Minggu, 03 Februari 2013

Contoh Makalah Bahasa Indonesia



MAKALAH BAHASA INDONESIA
Pentingnya Pengembangan Minat Dalam Berbahasa Inggris


O
L
E
H


Nama :
Aidillah Putri
Kelas : XII Tkk 2
Guru Pembimbing :
Ibu Hj. Sri Haryani,SP.d





SMK Negeri 6 Palembang
                                       Tahun Ajaran 2012/2013

KATA PENGANTAR

            Puji dan syukur kehadirat Tuhan yang Maha Esa, atas segala limpahan rahmat dan karunia-Nya kepada penulis sehingga dapat menyelesaikan laporan ilmiah yang berjudul Pentingnya Pengembangan Minat Dalam Berbahasa Inggis yang dibimbing oleh ibu Hj.
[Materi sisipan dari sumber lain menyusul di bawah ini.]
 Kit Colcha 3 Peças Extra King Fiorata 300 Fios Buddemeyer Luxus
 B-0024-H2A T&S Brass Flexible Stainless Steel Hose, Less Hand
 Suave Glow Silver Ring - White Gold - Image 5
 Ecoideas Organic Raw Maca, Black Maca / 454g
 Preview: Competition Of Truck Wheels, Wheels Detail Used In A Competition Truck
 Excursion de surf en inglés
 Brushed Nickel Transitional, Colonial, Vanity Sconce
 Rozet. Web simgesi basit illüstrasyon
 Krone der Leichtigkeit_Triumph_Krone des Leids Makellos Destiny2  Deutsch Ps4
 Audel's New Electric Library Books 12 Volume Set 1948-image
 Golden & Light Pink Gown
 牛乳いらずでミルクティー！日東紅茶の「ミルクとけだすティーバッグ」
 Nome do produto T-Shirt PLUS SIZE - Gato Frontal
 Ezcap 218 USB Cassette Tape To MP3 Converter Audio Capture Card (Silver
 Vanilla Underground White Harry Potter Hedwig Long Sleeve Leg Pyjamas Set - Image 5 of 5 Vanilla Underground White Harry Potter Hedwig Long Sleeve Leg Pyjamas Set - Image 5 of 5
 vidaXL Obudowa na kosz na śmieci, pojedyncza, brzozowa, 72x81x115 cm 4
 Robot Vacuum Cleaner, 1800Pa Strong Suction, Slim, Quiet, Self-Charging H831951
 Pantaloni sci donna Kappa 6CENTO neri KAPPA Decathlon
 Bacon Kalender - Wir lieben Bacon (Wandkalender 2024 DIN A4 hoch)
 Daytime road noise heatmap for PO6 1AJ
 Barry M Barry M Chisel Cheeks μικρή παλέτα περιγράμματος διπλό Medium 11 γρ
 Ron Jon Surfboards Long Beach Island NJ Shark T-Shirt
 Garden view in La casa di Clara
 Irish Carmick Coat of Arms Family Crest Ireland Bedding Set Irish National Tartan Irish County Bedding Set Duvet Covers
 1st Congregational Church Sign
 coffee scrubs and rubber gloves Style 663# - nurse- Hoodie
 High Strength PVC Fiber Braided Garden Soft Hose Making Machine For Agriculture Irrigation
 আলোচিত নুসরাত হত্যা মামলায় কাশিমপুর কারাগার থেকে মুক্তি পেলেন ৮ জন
Sri Haryani,S.Pd.
Penulis menyadari bahwa dalam proses penulisan laporan ilmiah ini masih jauh dari kesempurnaan baik materi maupun dalam penulisannya. Penulis telah berupaya dengan segala kemampuan dan pengetahuan yang dimiliki sehingga dapat diselesaikan dengan baik. Penulis dengan tangan terbuka menerima masukan, saran dan usul guna penyempurnaan laporan ilmiah ini.
            Akhirnya penulis mengaharapkan semoga laporan ilmiah ini dapat bermanfaat bagi para pembaca.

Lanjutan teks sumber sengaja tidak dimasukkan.